# Bird stores in North Austin?



## spartan7 (May 28, 2011)

I moved to northern Austin (Round Rock to be specific) a few months ago, and I need to find a decent bird store around here. Specifically, one with good prices on cockatiel food. I need both regular seed and the Zupreem pellets. Anyone know of anything locally? Petco and Petsmart have a horrible selection. Thanks.


----------



## SkittlesMom (May 29, 2011)

Gallery of Pets is fantastic. They are on the corner of Duval and 183N. From RR take 35s to Duval. We got Skittles there. They are a mom and pop store. They also participate in the Go Local program. I love Doug who hand raises and breeds the African Greys and other birds. Seems all the birds are locally bred and raised. 

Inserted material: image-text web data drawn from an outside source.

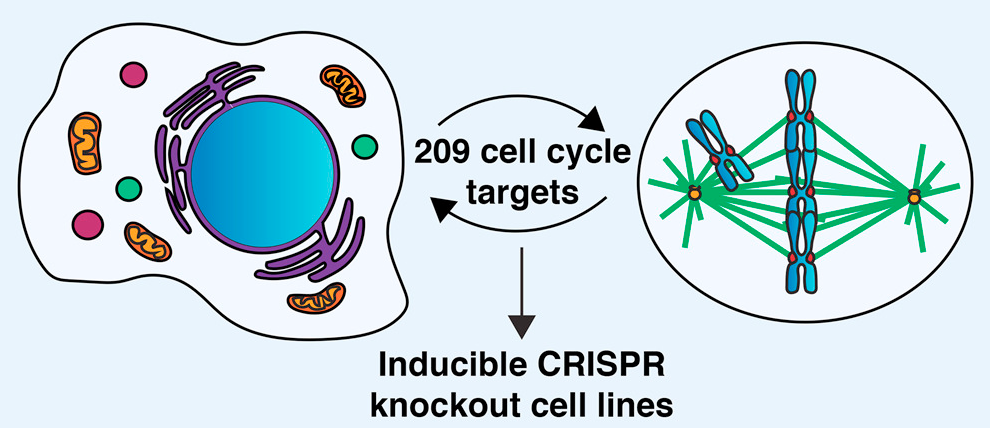 Cell Cycle Knockouts Database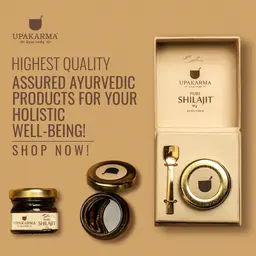 Pure Shilajit Resin Form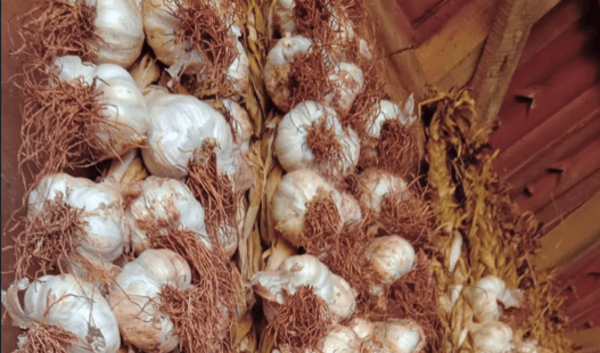 Buscan reactivar el cultivo de ajo en General Artigas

http://www.galleryofpets.com/


----------



## SkittlesMom (May 29, 2011)

I forgot to mention they have a wide variety of food here. It is loose/bulk and you buy as much or as little as you want. I went in last week bought enough food for 2 months, 2 cuddle bones and 6 large loose millet sprays and spent $13.00. The Go local card which I think is $10 a year is accepted at a ton of places and gives you a discount on your purchases. I think it is like 10% at GoP.


----------



## spartan7 (May 28, 2011)

Thanks for the info, I'll be sure to check them out.


----------